Patients with COVID-19 and acute respiratory distress syndrome who are placed in a prone position add to nursing challenges and workload. The risk for skin injury among these patients is high, and prevention should be prioritized in the nursing process. For optimal patient care, nurses must understand the exact respiratory mechanism initiated by the prone position and the associated risk for pressure injuries (PIs) not addressed in general PI prevention initiatives.
The rationale for proning is compelling; lung physiology and gas transfer are positively altered in this position.1 When supine, the most dorsal parts of the lung remain nearly gasless because of lung anatomy and the wide allowance for chest wall expansion. In the prone position, the bed becomes fixed resistance for the chest wall, limiting its expansion and leading to better distribution of inhaled gas. As a result, the dorsal parts of the lung open up, adding ventilation quality. This increases plateau pressure and reduces tidal volume, with the largest volume of the lungs actively adding to oxygenation surface.1 By achieving close to optimal oxygenation without exceeding the positive end-expiratory pressure, lung barotrauma and hyperinflation are prevented with better clinical outcomes achieved for acute respiratory distress syndrome.

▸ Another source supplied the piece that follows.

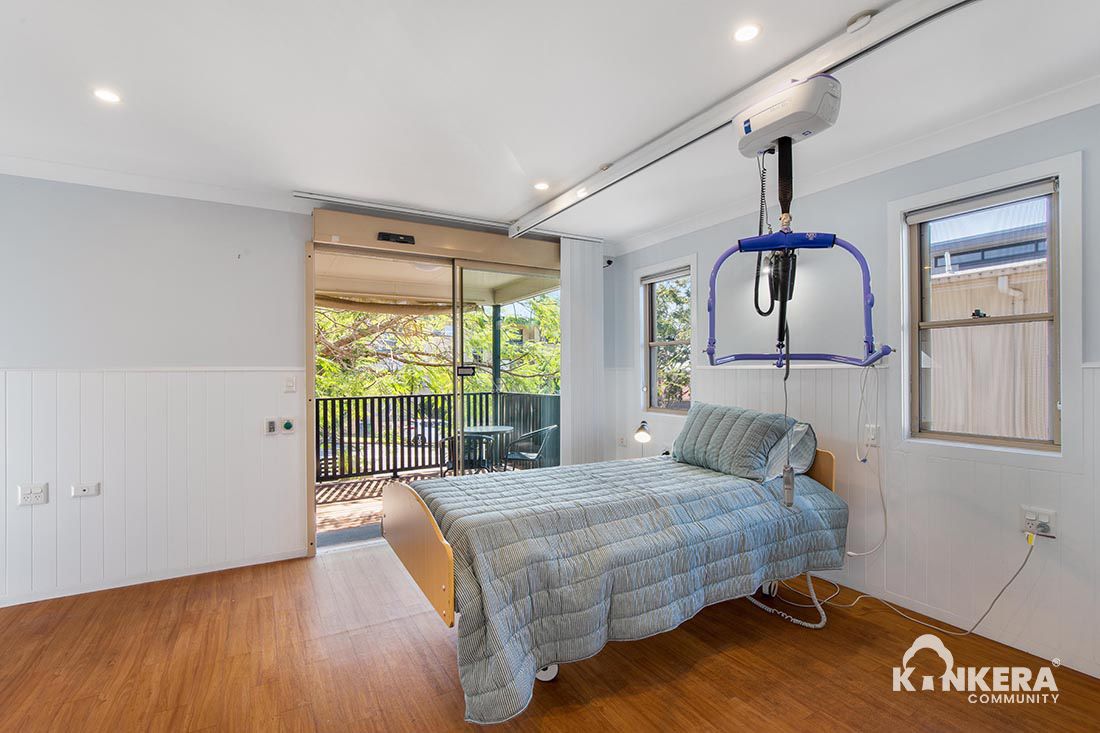 IMG 0506_Small SIze Logo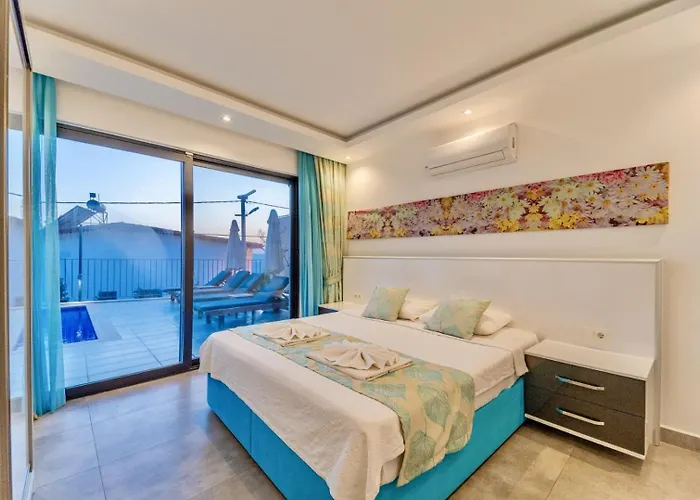 4 Bedroom Sea View In *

In prone positioning, the swimming position may be best for PI prevention.2 The recovery position (Simms position)3 is also an option to optimize gas exchange; it is similar to the swimming position with only a leg adaptation on the facial side (Figure 1). If the swimming arm is positioned perpendicular to the eye line (hand to eye), it prevents overextension of the brachial plexus.1 By flexing the leg slightly on the same side as the flexed elbow,3 patient body weight is distributed over a wider area of the bed surface and directed away from the midline of the body. The major benefit of this position combination is its practicality for repositioning schedules.
See the following section for a suggested procedure to achieve head repositioning and neutral neck alignment4 and the Table for helpful tips. Two providers are suggested for prone positional changes, especially when the patient is intubated (Figure 2).
PROCEDURE
1. Ensure that the endotracheal tube (ETT) holder is removed before the patient is proned,5 because the adhesive tube holder wings will add pressure when trapped between the face and the bed surface.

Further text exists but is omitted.